Sri Lanka: UN food agency to help 300,000 drought victims
Under the $8.2 million operation, which runs from October 2001 to March 2002, WFP will distribute a month's supply of rice, lentils and sugar to the most vulnerable people in the three hardest-hit districts in southern Sri Lanka's arid zone. Characterized by limited natural resources, these districts are home to the country's poorest residents.
The agency will also give a fortified blended food mix to 50,000 children under age five and 14,000 pregnant women and nursing mothers, in order to avert a decline in nutrition among these chronically destitute Sri Lankans.
"The people we need to help have virtually nothing left to sustain themselves," said WFP Sri Lanka Country Director Jeff Taft-Dick. "Their fruit trees are dying and their rice paddies are too dry to produce a crop this year. The majority of the wells have dried up and the only source of drinking water is government tankers that come through their area sporadically."
While providing relief rations, WFP will also introduce work schemes - such as cleaning and desilting of irrigation canals - that will benefit the community. These schemes, designed to offset the effects of future droughts, will carry the 225,000 participants through to the next harvest in March 2002.

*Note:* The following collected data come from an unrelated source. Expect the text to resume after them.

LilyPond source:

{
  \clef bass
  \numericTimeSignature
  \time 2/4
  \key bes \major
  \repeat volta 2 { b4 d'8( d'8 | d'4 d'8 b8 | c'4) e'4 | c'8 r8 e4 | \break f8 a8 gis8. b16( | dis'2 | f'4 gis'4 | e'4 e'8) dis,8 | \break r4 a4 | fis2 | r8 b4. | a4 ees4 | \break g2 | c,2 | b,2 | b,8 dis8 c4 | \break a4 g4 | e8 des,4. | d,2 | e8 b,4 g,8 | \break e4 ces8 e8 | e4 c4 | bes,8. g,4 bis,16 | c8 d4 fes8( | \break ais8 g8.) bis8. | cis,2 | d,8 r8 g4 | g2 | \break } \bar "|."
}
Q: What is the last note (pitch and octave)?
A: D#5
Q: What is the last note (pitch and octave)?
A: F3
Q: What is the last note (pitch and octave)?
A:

A joint assessment mission conducted last month by WFP and the UN Food and Agriculture Organization (FAO) found that between 30 and 50 per cent of the people in the drought zone were already living below the poverty line when the rains stopped.

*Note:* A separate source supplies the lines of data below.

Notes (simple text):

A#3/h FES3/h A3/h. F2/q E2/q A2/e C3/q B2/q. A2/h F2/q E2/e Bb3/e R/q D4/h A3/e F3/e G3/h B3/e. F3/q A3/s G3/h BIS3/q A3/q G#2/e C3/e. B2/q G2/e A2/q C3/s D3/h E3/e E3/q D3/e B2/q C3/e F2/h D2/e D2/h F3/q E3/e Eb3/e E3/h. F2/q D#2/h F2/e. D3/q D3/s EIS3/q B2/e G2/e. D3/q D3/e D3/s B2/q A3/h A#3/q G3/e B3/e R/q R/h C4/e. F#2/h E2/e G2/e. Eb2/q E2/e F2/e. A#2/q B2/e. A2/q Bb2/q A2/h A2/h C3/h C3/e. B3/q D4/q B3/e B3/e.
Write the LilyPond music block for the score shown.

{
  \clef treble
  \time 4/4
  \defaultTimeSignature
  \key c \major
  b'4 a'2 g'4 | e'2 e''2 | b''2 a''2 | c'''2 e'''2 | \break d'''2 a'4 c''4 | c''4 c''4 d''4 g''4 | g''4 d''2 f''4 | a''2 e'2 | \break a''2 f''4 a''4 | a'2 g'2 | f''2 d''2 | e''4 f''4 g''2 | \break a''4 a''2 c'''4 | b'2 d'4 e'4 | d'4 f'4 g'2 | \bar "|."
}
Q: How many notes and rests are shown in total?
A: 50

"What we are seeing now is that many families are down to one meal a day," said Mr. Taft-Dick. "Most of them have smallhold plots but they can barely grow enough for the family to eat once a day."
WFP has been working in Sri Lanka since 1968, assisting families facing chronic food insecurity. Currently, the agency feeds some 80,000 people displaced by conflict in the northeast and runs food-for-work projects for 58,000 trying to achieve economic self-reliance.